Thomas Kuhn's philosophy of science, as expressed in The Structure of Scientific Revolutions is often interpreted as relativistic. He claimed that as well as progressing steadily and incrementally ("normal science"), science undergoes periodic revolutions or "paradigm shifts", leaving scientists working in different paradigms with difficulty in even communicating. Thus the truth of a claim, or the existence of a posited entity is relative to the paradigm employed. However, it isn't necessary for him to embrace relativism because every paradigm presupposes the prior, building upon itself through history and so on. This leads to there being a fundamental, incremental, and referential structure of development which is not relative but again, fundamental.
From these remarks, one thing is however certain: Kuhn is not saying that incommensurable theories cannot be compared - what they can’t be is compared in terms of a system of common measure. He very plainly says that they can be compared, and he reiterates this repeatedly in later work, in a (mostly in vain) effort to avert the crude and sometimes catastrophic misinterpretations he suffered from mainstream philosophers and post-modern relativists alike.[40]
But Thomas Kuhn denied the accusation of being a relativist later in his postscript.
scientific development is ... a unidirectional and irreversible process. Latter scientific theories are better than earlier ones for solving puzzles ... That is not a relativist's position, and it displays the sense in which I am a convinced believer in scientific progress.[41]
Some have argued that one can also read Kuhn's work as essentially positivist in its ontology: the revolutions he posits are epistemological, lurching toward a presumably 'better' understanding of an objective reality through the lens presented by the new paradigm. However, a number of passages in Structures do indeed appear to be distinctly relativist, and to directly challenge the notion of an objective reality and the ability of science to progress towards an ever-greater grasp of it, particularly through the process of paradigm change.
In the sciences there need not be progress of another sort. We may, to be more precise, have to relinquish the notion, explicit or implicit, that changes of paradigm carry scientists and those who learn from them closer and closer to the truth.[42]
We are all deeply accustomed to seeing science as the one enterprise that draws constantly nearer to some goal set by nature in advance. But need there be any such goal? Can we not account for both science’s existence and its success in terms of evolution from the community’s state of knowledge at any given time? Does it really help to imagine that there is some one full, objective, true account of nature and that the proper measure of scientific achievement is the extent to which it brings us closer to that ultimate goal?[43]
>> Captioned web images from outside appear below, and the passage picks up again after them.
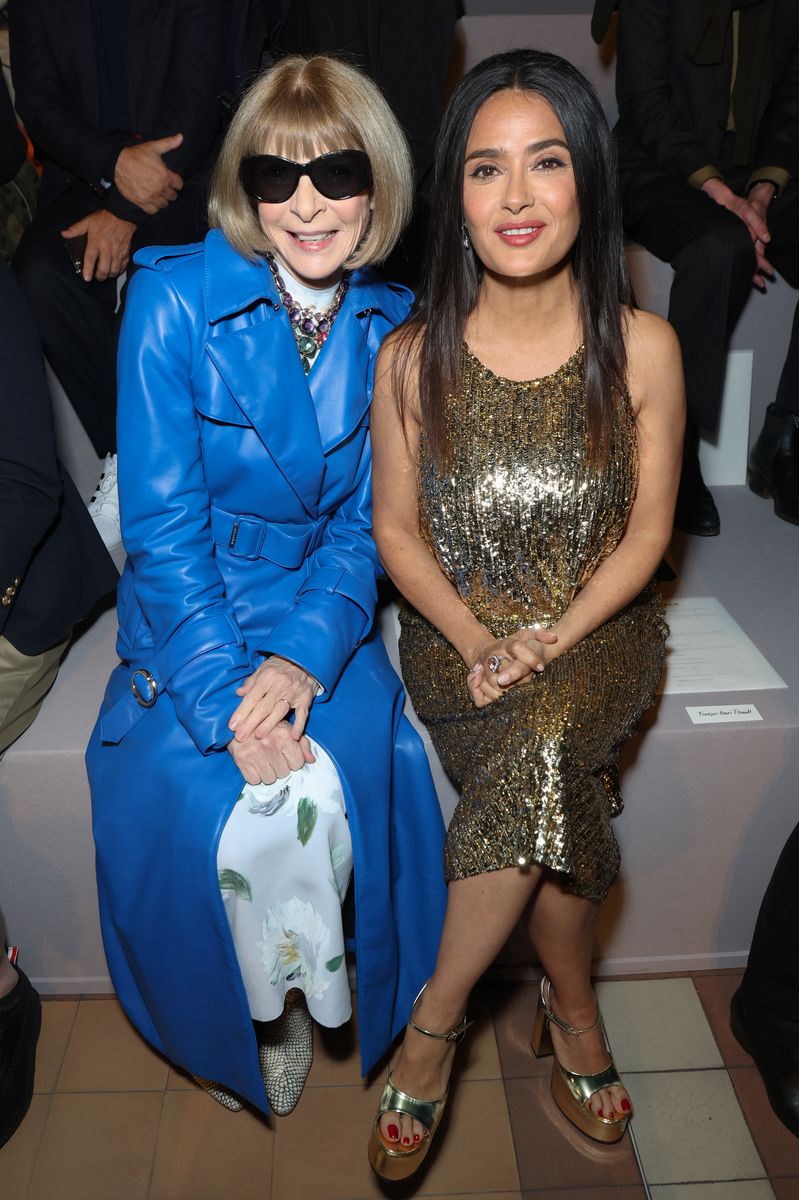  Dame Anna Wintour and Salma Hayek attend the McQueen Spring/Summer 2025 show during Paris Fashion Week on September 28, 2024 in Paris, France. (Photo by Dave Benett/Getty Images for Alexander McQueen)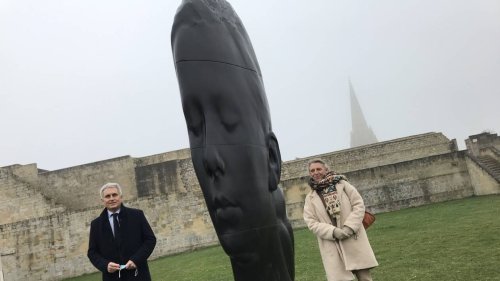Lou, œuvre de l’artiste Jaume Plensa, devrait rester dans l’enceinte du château de Caen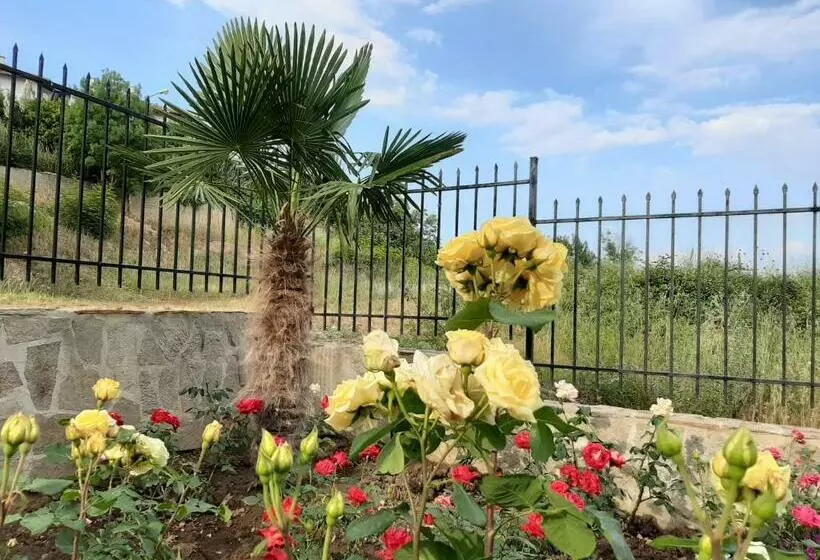 La Mer Apartments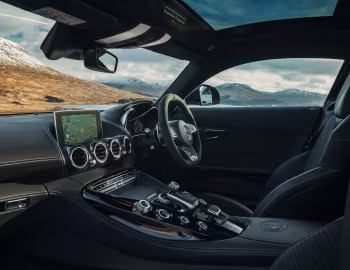Интерьер Mercedes-AMG GT C [UK-spec] (C190) '2017–18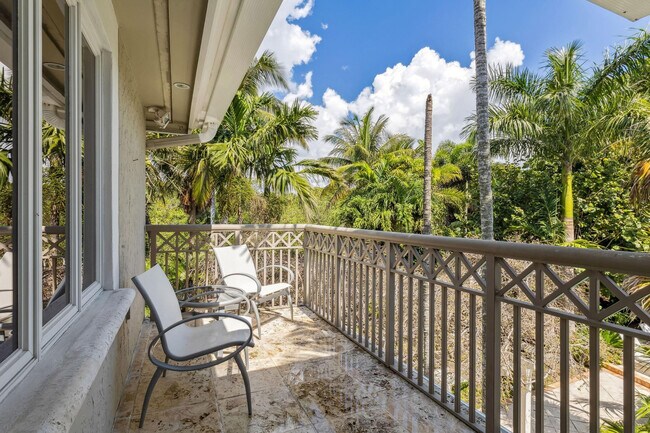 Building Photo - 3301 NE 16th St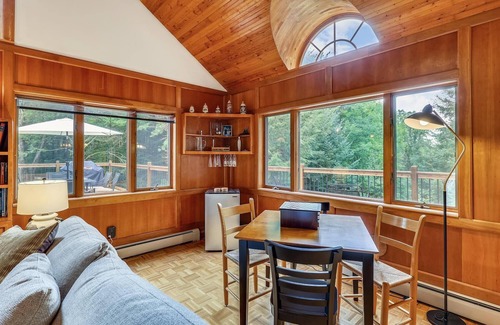 Stowe Casa | Talking Trees Lodge: 4 br, wood fireplace, deck, hot tub, garage!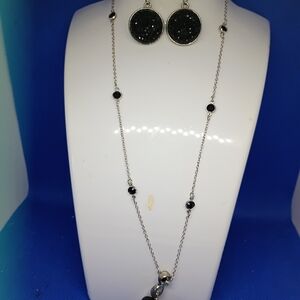 Elegant Hand Made Black and Silver Necklace Set, with a Matching Ring.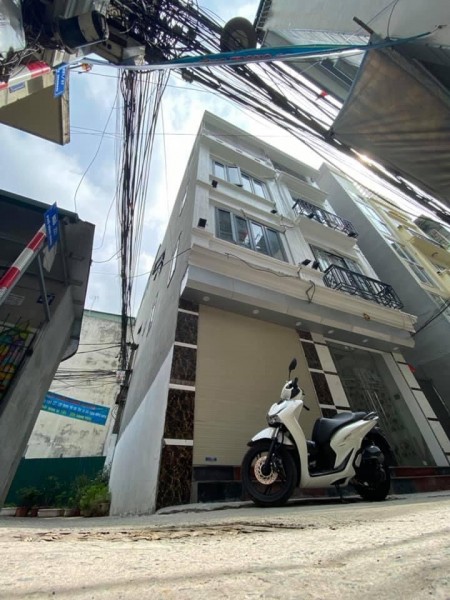 Bán nhà Quận Hoàng Mai, thoáng 3 mặt, ngõ chính rộng giá nhỉnh 3 tỷ, dt 32m2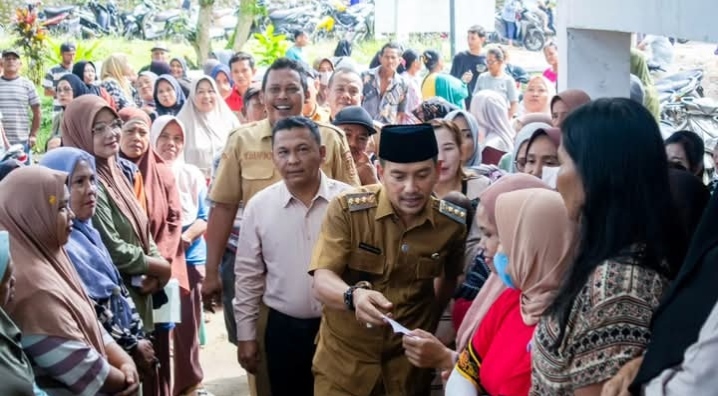 Tinjau Penyaluran Bantuan Pangan Di Bajenis, Walikota Iman Irdian Saragih : Ini Bentuk Kepedulian Pemerintah - IMG 20260401 WA0003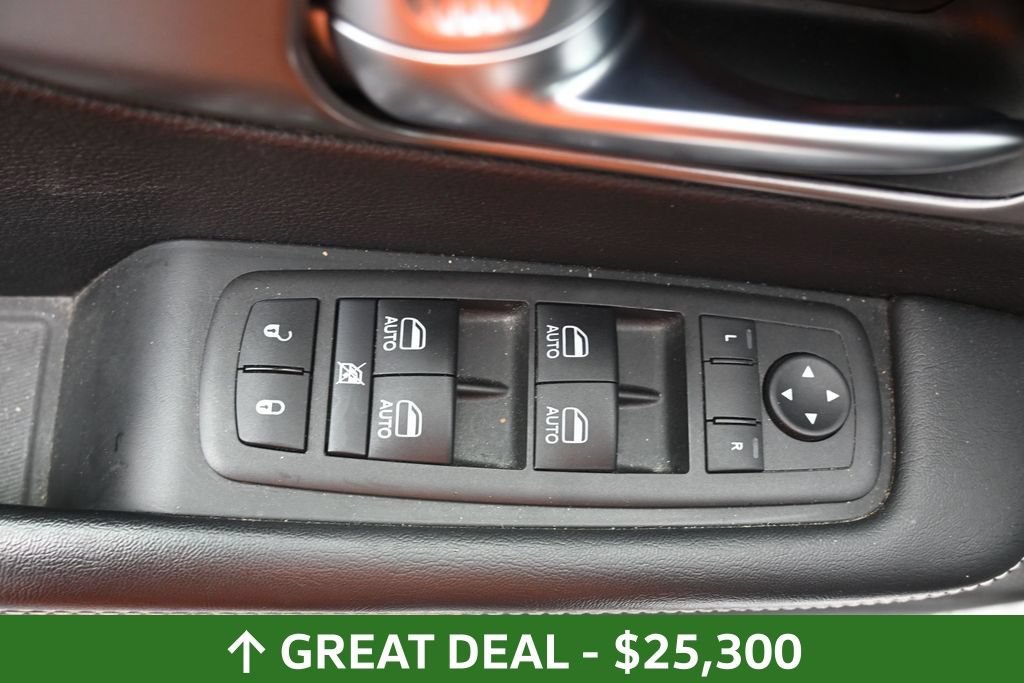 Used 2025 Chrysler Pacifica Select FWD image 21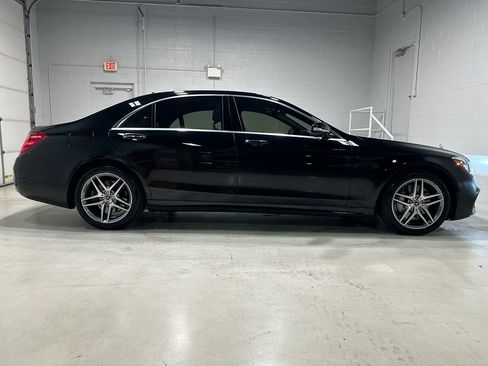 Used 2020 Mercedes-Benz S 560 4MATIC Sedan image 2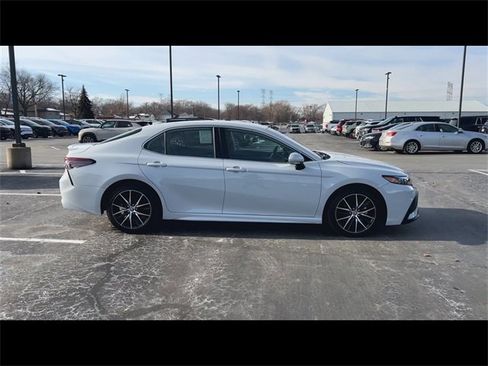 Used 2024 Toyota Camry SE w/ Convenience Package image 9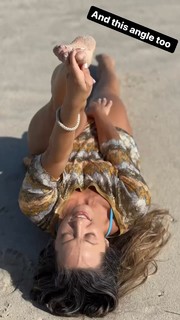 Kino MacGregor feet photo thumbnail
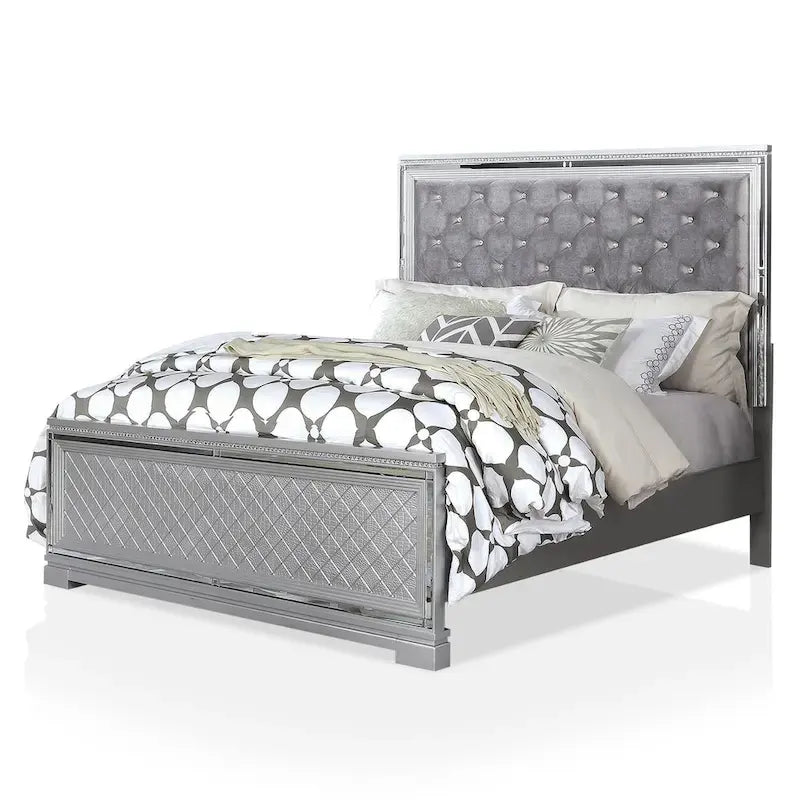 Set camera da letto 5 pezzi Seleena Glam Silver Wood con pannello trapuntato e porta USB di Furniture of America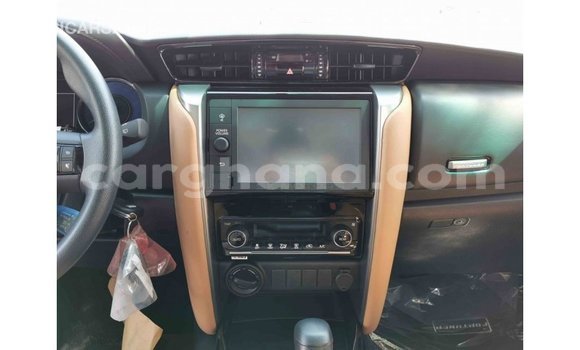 Sayi Imported Toyota Fortuner White Mota in Import - Dubai a Ashanti Sayi Imported Toyota Fortuner White Mota in Import - Dubai a Ashanti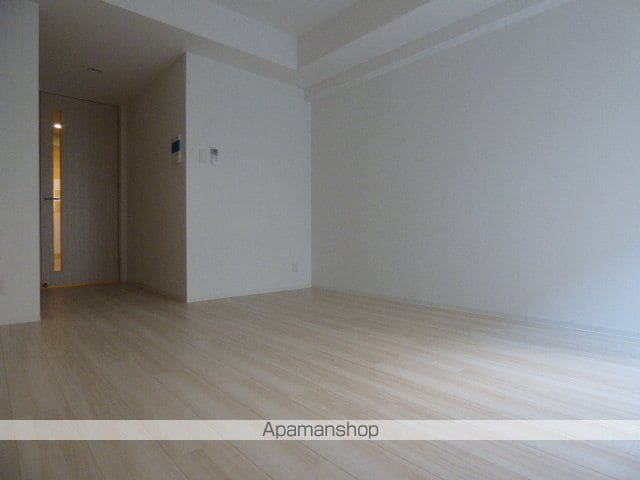 コンフォリア心斎橋EASTの内装写真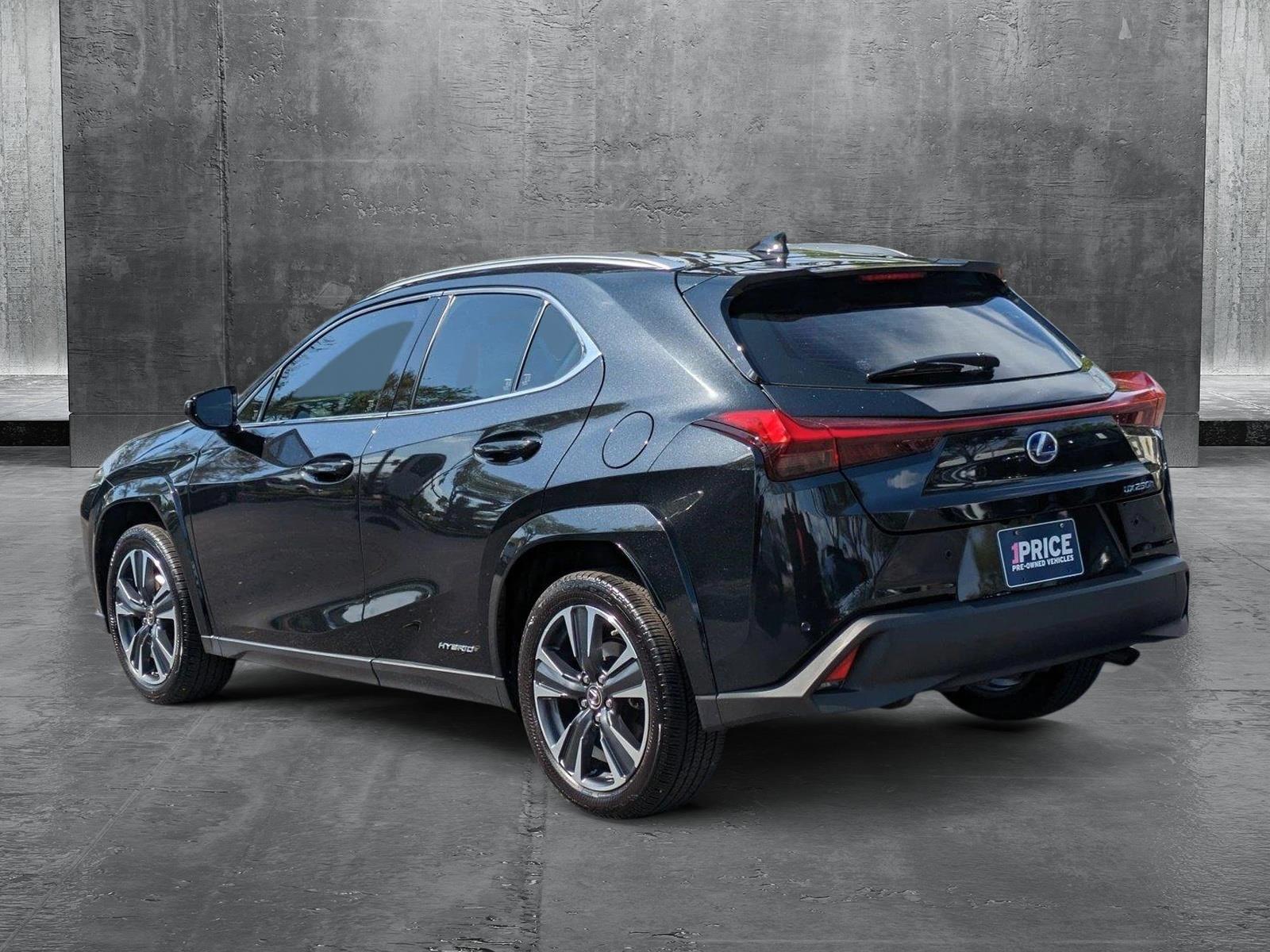 2022 Lexus UX Vehicle Photo in GREENACRES, FL 33463-3207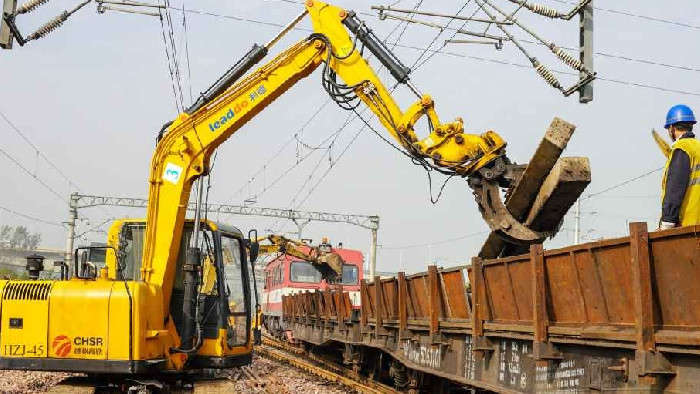 飞天光电：科技赋能，守护铁路临近营业线施工安全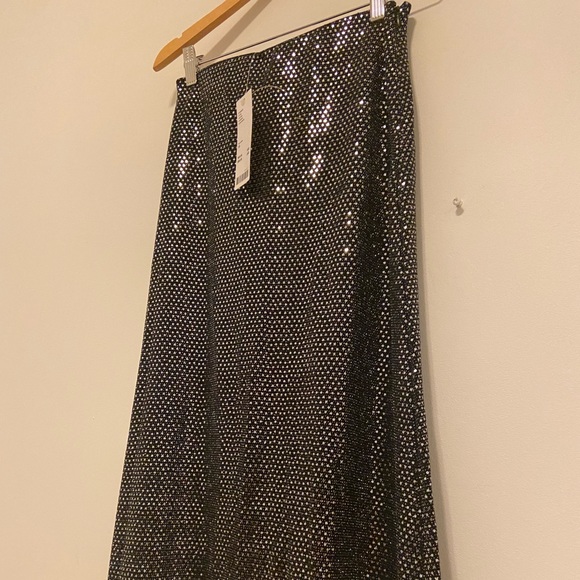 NWT Urban Outfitters Sparkly metallic skirt, elastic waistband with side zip! - Picture 5 of 11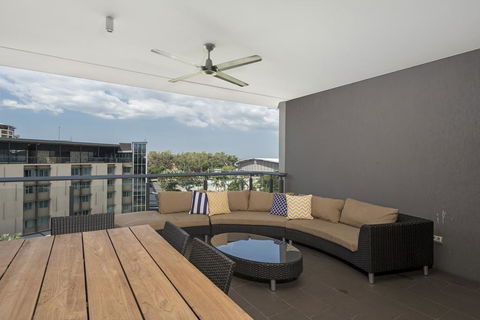 Saltwater Suites - 1,2 & 3 Bed Waterfront Apartments - Accommodation Redcliffe 3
George Lakoff and Mark Johnson

George Lakoff and Mark Johnson define relativism in their book Metaphors We Live By as the rejection of both subjectivism and metaphysical objectivism in order to focus on the relationship between them, i.e. the metaphor by which we relate our current experience to our previous experience. In particular, Lakoff and Johnson characterize "objectivism" as a "straw man", and, to a lesser degree, criticize the views of Karl Popper, Kant and Aristotle.[page needed]

Robert Nozick

In his book Invariances, Robert Nozick expresses a complex set of theories about the absolute and the relative. He thinks the absolute/relative distinction should be recast in terms of an invariant/variant distinction, where there are many things a proposition can be invariant with regard to or vary with. He thinks it is coherent for truth to be relative, and speculates that it might vary with time. He thinks necessity is an unobtainable notion, but can be approximated by robust invariance across a variety of conditions—although we can never identify a proposition that is invariant with regard to everything. Finally, he is not particularly warm to one of the most famous forms of relativism, moral relativism, preferring an evolutionary account.

Joseph Margolis

Joseph Margolis advocates a view he calls "robust relativism" and defends it in his books: Historied Thought, Constructed World, Chapter 4 (California, 1995) and The Truth about Relativism (Blackwells, 1991). He opens his account by stating that our logics should depend on what we take to be the nature of the sphere to which we wish to apply our logics. Holding that there can be no distinctions which are not "privileged" between the alethic, the ontic, and the epistemic, he maintains that a many valued logic just might be the most apt for aesthetics or history since, because in these practices, we are loath to hold to simple binary logic; and he also holds that many-valued logic is relativistic. (This is perhaps an unusual definition of "relativistic". Compare with his comments on "relationism"). "True" and "False" as mutually exclusive and exhaustive judgements on Hamlet, for instance, really does seem absurd. A many valued logic—"apt", "reasonable", "likely", and so on—seems intuitively more applicable to Hamlet interpretation. Where apparent contradictions arise between such interpretations, we might call the interpretations "incongruent", rather than dubbing either "false", because using many-valued logic implies that a measured value is a mixture of two extreme possibilities. Using the subset of many-valued logic, fuzzy logic, it can be said that various interpretations can be represented by membership in more than one possible truth sets simultaneously. Fuzzy logic is therefore probably the best mathematical structure for understanding "robust relativism" and has been interpreted by Bart Kosko as philosophically being related to Zen Buddhism.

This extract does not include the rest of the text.